I wrote a Java program to add and retrieve data from an MS Access. At present it goes sequentially through ~200K insert queries in ~3 minutes, which I think is slow. I plan to rewrite it using threads with 3-4 threads handling different parts of the hundred thousands records. I have a compound question:
-
Will this help speed up the program because of the divided workload or would it be the same because the threads still have to access the database sequentially?
-
What strategy do you think would speed up this process (except for query optimization which I already did in addition to using Java’s preparedStatement)
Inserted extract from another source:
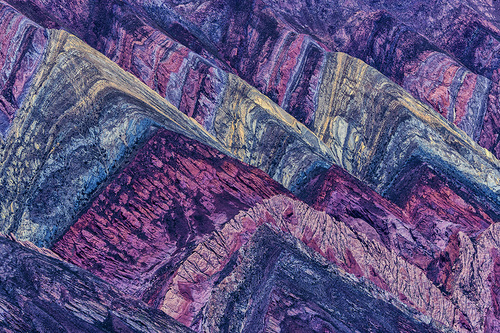 14 colors mountain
First, don’t use Access. Move your data anywhere else — SQL/Server — MySQL — anything. The DB engine inside access (called Jet) is pitifully slow. It’s not a real database; it’s for personal projects that involve small amounts of data. It doesn’t scale at all.
Second, threads rarely help.
The JDBC-to-Database connection is a process-wide resource. All threads share the one connection.
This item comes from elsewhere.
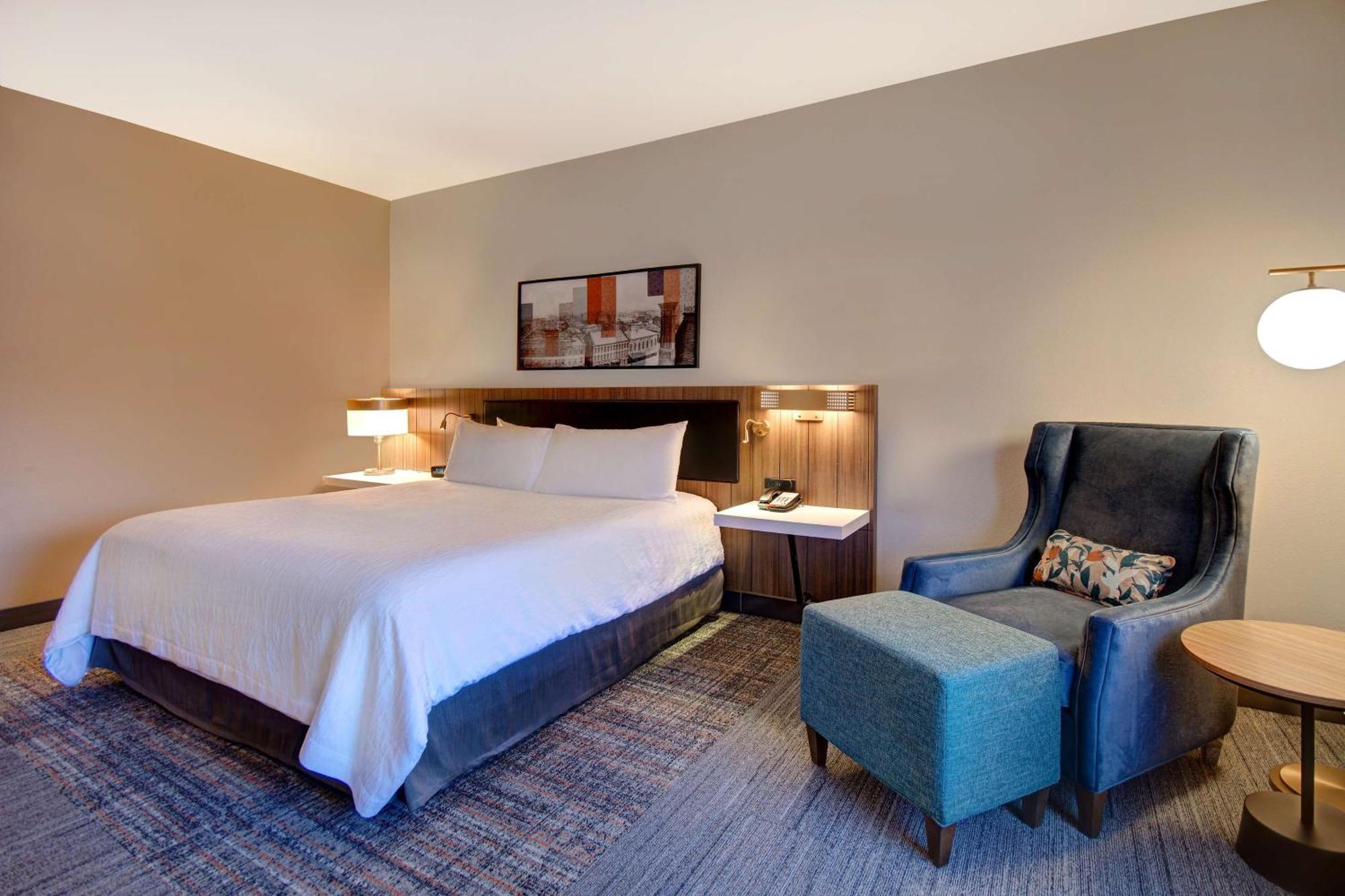 Hilton Garden Inn Terre Haute Bagian luar foto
‘But wait,’ you say, ‘I’ll create a unique Connection object in each thread.’
Noble, but sometimes doomed to failure. Why? Operating System processing between your JVM and the database may involve a socket that’s a single, process-wide resource, shared by all your threads.
If you have a single OS-level I/O resource that’s shared across all threads, you won’t see much improvement. In this case, the ODBC connection is one bottleneck. And MS-Access is the other.